SPM analyzes continuous biomechanical waveforms (e.g., joint angles, moments) by computing t-statistics at each time point and using Random Field Theory to control family-wise error rate across the entire waveform.

Value

A list of class "spm_result" containing:

t

T-statistic at each time point
threshold

Critical threshold from RFT
clusters

Significant clusters (start, end, extent, p-value)
p_values

Pointwise p-values
alpha

Significance level used

References

Pataky TC (2012). One-dimensional statistical parametric mapping in Python. Computer Methods in Biomechanics and Biomedical Engineering.

Examples

# Create example gait data (100 time points x 20 subjects)
set.seed(123)
# Group 1: normal gait
g1 <- matrix(rnorm(100 * 10), nrow = 100, ncol = 10)
# Group 2: altered gait (effect at 40-60% of cycle)
g2 <- matrix(rnorm(100 * 10), nrow = 100, ncol = 10)
g2[40:60, ] <- g2[40:60, ] + 1.5

data <- cbind(g1, g2)
pe <- PhysioExperiment(
  assays = list(values = data),
  samplingRate = 100
)

# Two-sample SPM t-test
result <- spmTTest(pe, group1 = 1:10, group2 = 11:20)
print(result)

Start PhysioExperiment API Server (Non-blocking)

Description

Starts the API server in the background, allowing R to remain interactive. This is useful for development and testing.

Usage

startAPIServer(port = 8000L, host = "127.0.0.1", quiet = FALSE)

Arguments

port

Integer. Port number for the API server.
host

Character. Host address to bind to.
quiet

Logical. Suppress startup messages.

Value

A plumber background process handle that can be used to stop the server with ⁠$kill()⁠.

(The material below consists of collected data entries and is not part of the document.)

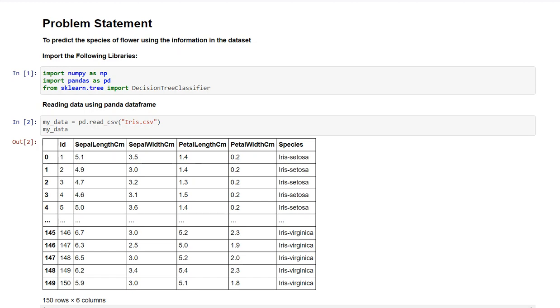Hello everyone, so my problem statement is to predict the species of flower using the information in the dataset by using decision tree classifier.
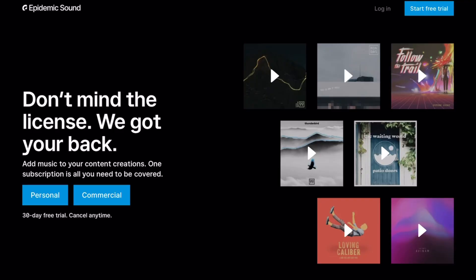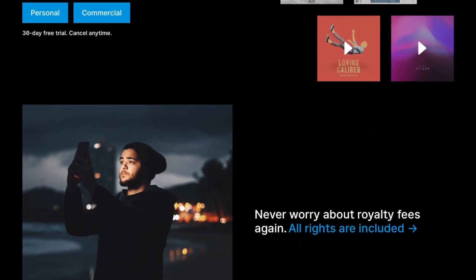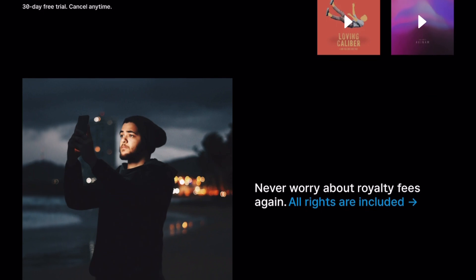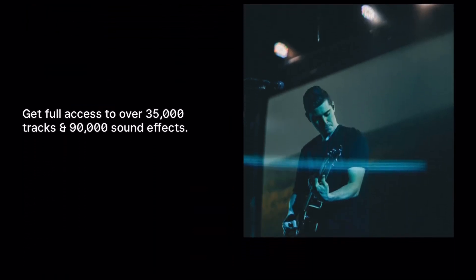I have a tutorial for LumaFusion linked down below if you want to check it out. For music I went with Epidemic Sound — it's been my go-to for finding awesome songs and sound effects for videos or movies. Highly recommend it; I have a referral link in the description if you want to check that out.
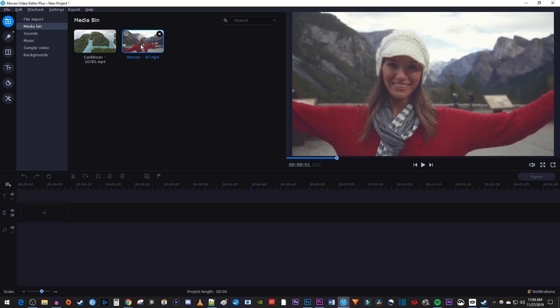Before we do anything with our clips, let's right click on our timeline's video track, and hover over Add Extra Track, then select Add Video Track.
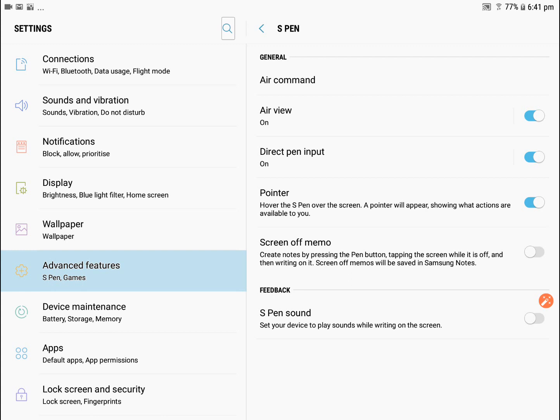Screen off memos will be saved in Samsung Notes. Look, I don't think I'm going to be using that at the moment, so I'll just leave that, but that's something you can look into. Now the S Pen sound, when you use it, if you hit activate that button, it will make a sound.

Summary statistics for PhysioExperiment

Description

Computes summary statistics for each channel.

Usage

## S4 method for signature 'PhysioExperiment'
summary(object, ...)

Arguments

object

A PhysioExperiment object.
...

Additional arguments (not used).

Value

A data.frame with summary statistics.

Examples

pe <- PhysioExperiment(
  assays = list(raw = matrix(rnorm(400), nrow = 100, ncol = 4)),
  colData = S4Vectors::DataFrame(label = c("Fz", "Cz", "Pz", "Oz")),
  samplingRate = 100
)
summary(pe)

Compute temporal stability of network

Description

Calculates how stable the network topology is over time.

Usage

temporalStability(dyn_conn, metric = c("correlation", "distance"))

Arguments

dyn_conn

Result from slidingWindowConnectivity().
metric

Stability metric: "correlation" or "distance".

Value

A list with stability metrics.

Examples

set.seed(123)
pe <- PhysioExperiment(
  assays = list(raw = matrix(rnorm(1000 * 4), nrow = 1000, ncol = 4)),
  samplingRate = 100
)
dyn_conn <- slidingWindowConnectivity(pe, window_size = 200, step = 50)
stability <- temporalStability(dyn_conn)

Threshold network by density

Description

Thresholds a connectivity matrix to achieve a target network density.

Usage

thresholdNetwork(connectivity, density = 0.2, absolute = TRUE)

Arguments

connectivity

A connectivity matrix.
density

Target density (proportion of edges to keep, 0-1).
absolute

If TRUE, uses absolute values for ranking.

Value

A thresholded adjacency matrix.

Examples

set.seed(123)
pe <- PhysioExperiment(
  assays = list(raw = matrix(rnorm(500 * 4), nrow = 500, ncol = 4)),
  samplingRate = 100
)
conn <- correlationMatrix(pe)
# Keep top 30% of connections
adj <- thresholdNetwork(conn$correlation, density = 0.3)

Time index helper

Description

Computes a time vector for the default assay using the object's sampling rate.

Usage

timeIndex(x)

Arguments

x

A PhysioExperiment instance.

Value

Numeric vector of time points in seconds.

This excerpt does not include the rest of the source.